Kapitel 33

13.8K 637 167
                                    

Nachdem ich mir im Spiegel die verschmierte Wimperntusche entfernt habe, herrscht im Fahrstuhl die Stille. Die Türen öffnen sich wenige Augenblicke nach dem Klingeln. Ich hebe meinen Tüllrock an, damit ich nirgendswo hängen bleibe, jedoch lasse ich ihn wieder fallen, als ich die teilweise zerrissene Zeitung auf dem Boden sehe. Sebastians Gesicht ist in zwei geteilt. 'Sohn von Hamilton & Sons Inc. Inhaber schlägt Studenten das Gesicht blutig.' kann ich noch auf dem geteilten Titelblatt erkennen, als ich das, was noch von der Zeitung übrig ist aufhebe. Es ist sogar ein Bild von den Verletzungen des Jungen drauf, den Sebastian angegriffen hatte. Während Damien sich ein Glas Wein einschenkt, lese ich mir den Artikel durch. Zwar bin ich noch nicht wirklich schnell im Lesen, aber ich werde besser.

In keinem einzigen Satz steht etwas von den Dingen, die der Typ über Kyra geäußert hatte. Nun verstehe ich, warum man es 'Klatschpresse' nennt, denn die Autoren dieses Artikels hätte aufgrund mangelnder Recherche einen Klatsch ins Gesicht verdient. Na ja... ich weiß, dass das nicht ganz stimmt, aber verdient hätten sie es trotzdem.

"Ist das der Artikel?", höre ich Damiens Stimme aus der Küche fragen und ich antworte ihm mit einem entsetztem 'Ja'.

"Typisch...", meint auch Damien, als er den Artikel gelesen hat und abermals das Glas mit dem roten Zeug zu seinem Mund führt. Ich erschaudere bei der Erinnerung an den Geschmack. "Nichts als Lügen."

"Was wird das nun für eure Firma bedeuten?" Dies war eine der vielen Fragen, die ich mir während der Autofahrt hierher in Gedanken formuliert habe. Damien schüttelt mit dem Kopf, aber er braucht eine Weile, bis er es schafft, mir zu antworten.

"Schlechte Presse ist immer ein Nachteil. Das wird uns wahrscheinlich einige Kunden kosten. Besonders wenn morgen noch ein weiterer Artikel veröffentlicht werden sollte." Ich denke über das nach, was er mir vorhin gesagt hatte, als wir auf das Auto gewartet hatten. So viele Menschen wissen nun von meiner Vergangenheit. So viele einflussreiche, wohlhabende Menschen in hohen Positionen -- und bald ganz Groß Brittanien, wenn der Artikel tatsächlich erscheinen sollte.
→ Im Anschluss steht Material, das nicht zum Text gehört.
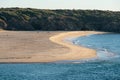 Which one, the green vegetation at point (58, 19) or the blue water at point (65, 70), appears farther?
the green vegetation at point (58, 19)

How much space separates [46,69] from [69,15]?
283ft

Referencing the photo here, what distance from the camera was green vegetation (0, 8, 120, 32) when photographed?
102731 mm

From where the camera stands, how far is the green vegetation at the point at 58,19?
103 meters

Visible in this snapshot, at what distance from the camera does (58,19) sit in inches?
4368

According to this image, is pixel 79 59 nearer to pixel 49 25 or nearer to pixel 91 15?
pixel 49 25

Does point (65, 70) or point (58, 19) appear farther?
point (58, 19)

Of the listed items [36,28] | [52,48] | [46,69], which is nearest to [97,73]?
[46,69]

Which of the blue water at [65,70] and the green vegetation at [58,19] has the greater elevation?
the blue water at [65,70]

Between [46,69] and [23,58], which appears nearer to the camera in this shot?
[46,69]

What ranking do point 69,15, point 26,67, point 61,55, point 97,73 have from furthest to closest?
point 69,15, point 61,55, point 26,67, point 97,73

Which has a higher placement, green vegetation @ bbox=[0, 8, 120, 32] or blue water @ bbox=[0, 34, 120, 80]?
blue water @ bbox=[0, 34, 120, 80]

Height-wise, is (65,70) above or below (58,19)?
above

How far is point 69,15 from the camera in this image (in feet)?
396

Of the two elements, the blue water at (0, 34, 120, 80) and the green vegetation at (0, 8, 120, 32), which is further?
the green vegetation at (0, 8, 120, 32) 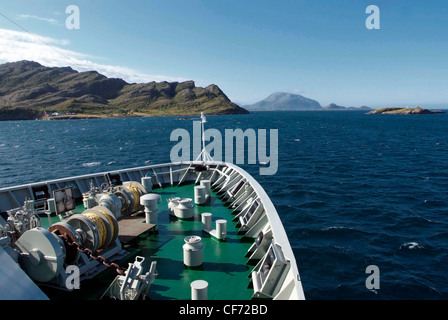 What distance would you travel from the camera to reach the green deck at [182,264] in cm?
966

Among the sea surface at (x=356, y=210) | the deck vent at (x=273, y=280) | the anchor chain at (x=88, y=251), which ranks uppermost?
the anchor chain at (x=88, y=251)

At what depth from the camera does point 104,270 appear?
10.1 m

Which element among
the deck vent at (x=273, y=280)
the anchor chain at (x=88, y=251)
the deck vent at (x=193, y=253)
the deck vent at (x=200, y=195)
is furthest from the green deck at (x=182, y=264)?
the deck vent at (x=200, y=195)

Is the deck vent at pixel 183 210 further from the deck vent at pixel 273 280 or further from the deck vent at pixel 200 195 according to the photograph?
the deck vent at pixel 273 280

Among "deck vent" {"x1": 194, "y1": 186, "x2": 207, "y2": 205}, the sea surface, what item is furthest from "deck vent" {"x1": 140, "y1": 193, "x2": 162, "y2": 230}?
the sea surface

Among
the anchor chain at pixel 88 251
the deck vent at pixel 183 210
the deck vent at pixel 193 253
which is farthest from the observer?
the deck vent at pixel 183 210

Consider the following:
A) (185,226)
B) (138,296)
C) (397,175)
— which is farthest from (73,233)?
(397,175)

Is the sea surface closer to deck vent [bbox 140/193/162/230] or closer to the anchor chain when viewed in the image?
deck vent [bbox 140/193/162/230]

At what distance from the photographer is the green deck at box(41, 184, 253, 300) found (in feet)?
31.7

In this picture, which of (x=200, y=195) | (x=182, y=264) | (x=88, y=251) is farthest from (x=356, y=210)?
(x=88, y=251)

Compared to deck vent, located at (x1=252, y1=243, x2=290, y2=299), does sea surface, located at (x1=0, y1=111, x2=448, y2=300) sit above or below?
below

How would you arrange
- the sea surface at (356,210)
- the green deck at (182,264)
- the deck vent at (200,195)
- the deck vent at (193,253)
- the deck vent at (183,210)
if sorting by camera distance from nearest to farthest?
the green deck at (182,264) → the deck vent at (193,253) → the deck vent at (183,210) → the sea surface at (356,210) → the deck vent at (200,195)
"Deine Mom hatte heute Abend die ganze Zeit mit Juleya geredet. Das fand ich eigenartig.", gebe ich zu und spreche ein weiteres Thema an, welches mir durch den Kopf geht. Zögernd schaue ich zu Damien auf, tief in seine blauen Augen, die mich unentschieden mustern. "Und nachdem Juleya ihre Ansprache gehalten hatte, wirkt sie ganz und gar nicht überrascht." Angewidert schüttelt er nun wieder seinen Kopf.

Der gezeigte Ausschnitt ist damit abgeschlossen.